KR20130036902A - Synchronous dual system and method using multiple switching controller - Google Patents

Abstract

PURPOSE: A synchronous dualization system using a multi-switching controller and a method thereof are provided to maintain system operation in an abnormal state by executing a program with a computer which is normally operated. CONSTITUTION: When a master computer(110) controls an input and output device(140) and outputs a pulse signal, a slave computer(120) is on standby. When an abnormal state is found out in the pulse signal, a switching controller(130) provides a control right to the slave computer and connects the input and output device to the slave computer. A switching hub(150) provides a channel wirelessly communicating with a robot to a slave computer by giving a control right to the slave computer. When an event is generated in the input and output device, the master computer configures an event generation sequence with an event packet and periodically transmits to the slave computer. [Reference numerals] (150) Switching hub; (AA) Sector antenna; (BB) Panel antenna; (CC) Wireless AP 1; (DD) Wireless AP 2; (EE) Image processing;

Description

SYNCHRONOUS DUAL SYSTEM AND METHOD USING MULTIPLE SWITCHING CONTROLLER

Embodiments of the present invention relate to a synchronous redundancy system and method using a multi-switch controller that supports operation of a redundant computer by checking a pulsating signal indicating an abnormal state.

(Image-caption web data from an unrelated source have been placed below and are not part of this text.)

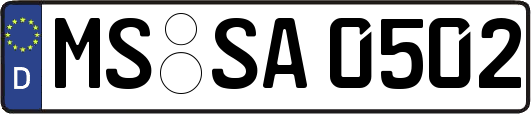 MS-SA0502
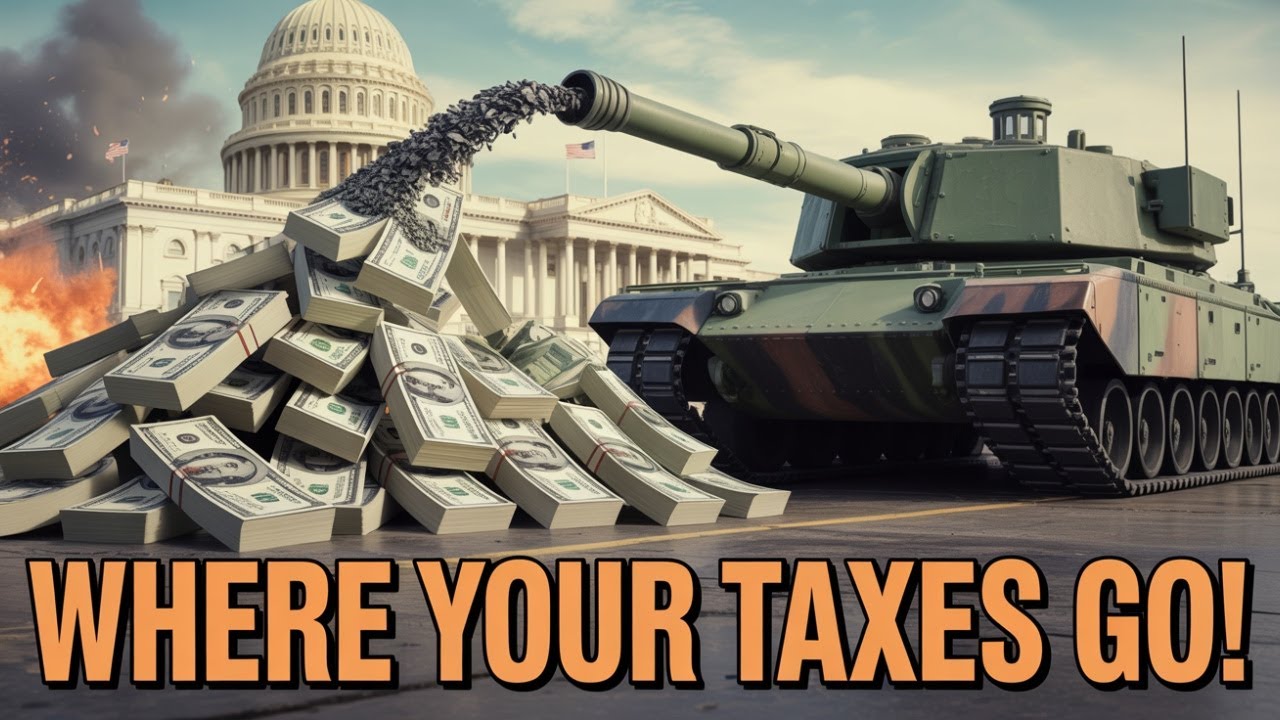 How Your Tax Dollars Are Spent (U.S. Military Budget Explained)
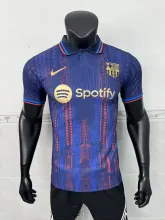 25/26 Barcelona Special Edition  PLayer 1:1 Quality Soccer Jersey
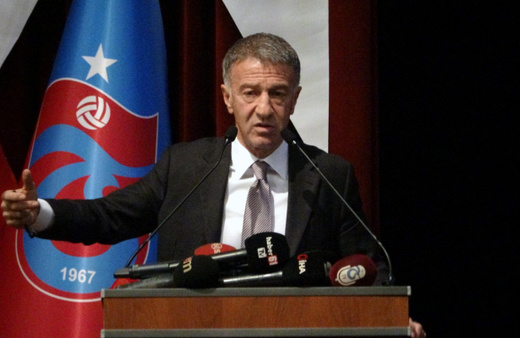 Trabzonspor Kulübü Başkanı Ahmet Ağaoğlu'ndan takım harcama limiti açıklaması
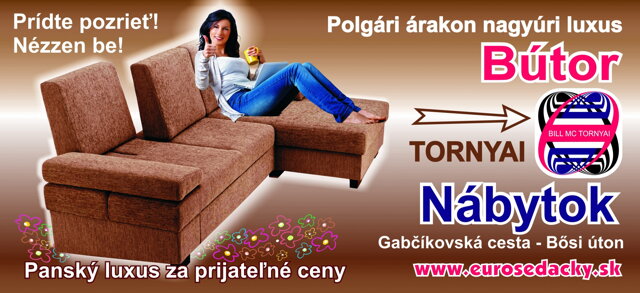 Billboard pred obchodom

A computer is a device that accepts and processes information in the form of digital data to produce a result using a program. A computer has not only a program but also a means of storing data for a certain period of time. The program may be built into a computer (a logic circuit such as a microprocessor) in an unchanging state, and then different programs may be provided to the computer each time. Today's computers offer both types of programming.

Modern computers basically follow the program storage scheme designed by Pont Neumann in 1945. In essence, a program is operated by a computer, one instruction at a time, according to the instruction read in, and then the computer reads the next instruction. Modern computers and programs have been developed to allow multiple programs to perform the same problem in parallel at the same time. With the invention of the Internet and high-band data transmission technology, programs and data are now part of a whole project that can be distributed across networks.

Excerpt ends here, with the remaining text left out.